> [What to work on]:
Using the records below, output the stretch that opens with the line containing "Human Hair Mono" and closes with the line containing "Notite zig zag", exactly and including both lines, with nothing more.

Segment Start: Dataset

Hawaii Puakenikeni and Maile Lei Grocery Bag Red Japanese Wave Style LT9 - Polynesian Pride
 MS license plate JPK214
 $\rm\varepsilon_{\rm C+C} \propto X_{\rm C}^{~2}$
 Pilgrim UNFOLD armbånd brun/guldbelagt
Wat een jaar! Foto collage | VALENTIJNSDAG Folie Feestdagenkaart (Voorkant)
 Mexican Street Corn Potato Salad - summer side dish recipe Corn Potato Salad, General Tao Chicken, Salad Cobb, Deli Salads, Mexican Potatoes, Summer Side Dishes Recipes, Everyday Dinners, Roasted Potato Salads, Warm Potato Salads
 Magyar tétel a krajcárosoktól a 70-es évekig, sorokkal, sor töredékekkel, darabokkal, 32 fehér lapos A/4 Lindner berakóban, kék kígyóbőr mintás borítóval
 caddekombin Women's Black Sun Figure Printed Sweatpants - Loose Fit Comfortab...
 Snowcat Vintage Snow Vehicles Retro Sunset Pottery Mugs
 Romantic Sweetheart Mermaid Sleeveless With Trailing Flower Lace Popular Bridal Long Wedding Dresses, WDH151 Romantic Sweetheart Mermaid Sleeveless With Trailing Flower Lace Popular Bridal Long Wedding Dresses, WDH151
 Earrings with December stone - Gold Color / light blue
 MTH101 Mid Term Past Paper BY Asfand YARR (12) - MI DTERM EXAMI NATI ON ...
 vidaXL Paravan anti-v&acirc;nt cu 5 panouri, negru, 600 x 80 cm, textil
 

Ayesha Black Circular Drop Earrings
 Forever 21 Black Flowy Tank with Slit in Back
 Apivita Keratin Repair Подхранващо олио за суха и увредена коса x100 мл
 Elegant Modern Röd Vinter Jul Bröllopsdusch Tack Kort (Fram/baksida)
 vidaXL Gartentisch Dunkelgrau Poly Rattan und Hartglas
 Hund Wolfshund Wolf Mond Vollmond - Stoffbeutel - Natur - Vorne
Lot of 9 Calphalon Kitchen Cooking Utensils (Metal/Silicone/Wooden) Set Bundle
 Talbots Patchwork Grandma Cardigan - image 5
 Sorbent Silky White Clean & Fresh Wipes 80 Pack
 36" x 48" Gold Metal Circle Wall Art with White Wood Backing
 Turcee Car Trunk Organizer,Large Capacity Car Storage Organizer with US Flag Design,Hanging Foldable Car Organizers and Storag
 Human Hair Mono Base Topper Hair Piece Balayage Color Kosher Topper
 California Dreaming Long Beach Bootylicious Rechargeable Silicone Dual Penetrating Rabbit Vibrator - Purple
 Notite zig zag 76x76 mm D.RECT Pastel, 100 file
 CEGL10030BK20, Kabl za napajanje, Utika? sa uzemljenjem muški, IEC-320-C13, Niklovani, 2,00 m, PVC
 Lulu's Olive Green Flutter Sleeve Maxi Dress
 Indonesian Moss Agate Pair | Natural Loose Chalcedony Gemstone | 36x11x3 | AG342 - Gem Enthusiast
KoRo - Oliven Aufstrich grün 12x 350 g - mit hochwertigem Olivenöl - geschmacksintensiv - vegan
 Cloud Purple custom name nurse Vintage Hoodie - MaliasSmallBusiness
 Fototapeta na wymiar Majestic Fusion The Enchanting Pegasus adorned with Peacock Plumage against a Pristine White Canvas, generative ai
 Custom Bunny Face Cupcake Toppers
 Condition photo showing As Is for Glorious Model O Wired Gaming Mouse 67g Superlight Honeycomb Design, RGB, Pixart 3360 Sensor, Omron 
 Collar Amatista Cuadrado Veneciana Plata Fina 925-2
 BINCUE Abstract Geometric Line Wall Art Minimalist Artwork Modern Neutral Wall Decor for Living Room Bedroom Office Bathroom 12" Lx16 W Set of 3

Segment End: Dataset

> [Task answer]:
 Human Hair Mono Base Topper Hair Piece Balayage Color Kosher Topper
 California Dreaming Long Beach Bootylicious Rechargeable Silicone Dual Penetrating Rabbit Vibrator - Purple
 Notite zig zag 76x76 mm D.RECT Pastel, 100 file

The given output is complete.